Small libraries, sharp edges
Building the stack from scratch in Mojo meant writing the pieces that didn't exist yet. Each is a small, single-purpose library — usable on its own, and together the substrate under the server.
A minimal implementation of Jinja2 in Mojo — used to render the Qwen2.5 chat template byte-identically to transformers.apply_chat_template.
A Mojo zlib binding (inflate/deflate) via a thin C shim to libz. Powers PDF /FlateDecode in pdftotext.mojo and general decompression.
A pure-Mojo PDF text extractor — object map, page-tree walk, content-stream text ops, and /ToUnicode CMap decoding.
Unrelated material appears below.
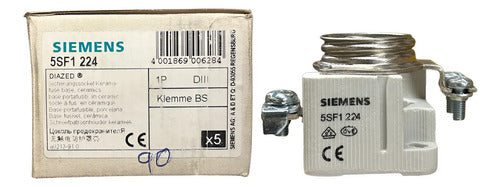 Kit Com 4: Base Dz 1p 63a 5sf1224 Siemens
Pulls clean text out of PDFs for document pipelines.
A Mojo binding for the LanceDB vector store via a small Rust cdylib over a C ABI. An on-device vector index for embedding search.
A from-scratch RFC-4180 CSV parser in Mojo — quoted fields, embedded commas/newlines, escaped quotes, UTF-8-safe. General-purpose CSV parsing.
Networking: flare
The HTTP and TLS under the inference server is
flare, a full
networking stack for Mojo (HTTP/1.1 and HTTP/2, WebSocket, TLS, TCP/UDP)
on a single non-blocking reactor. We build on flare and maintain a
fork at
millrace/flare to track the nightly Mojo dialect and
the FFI fixes our shims depend on, upstreaming where we can.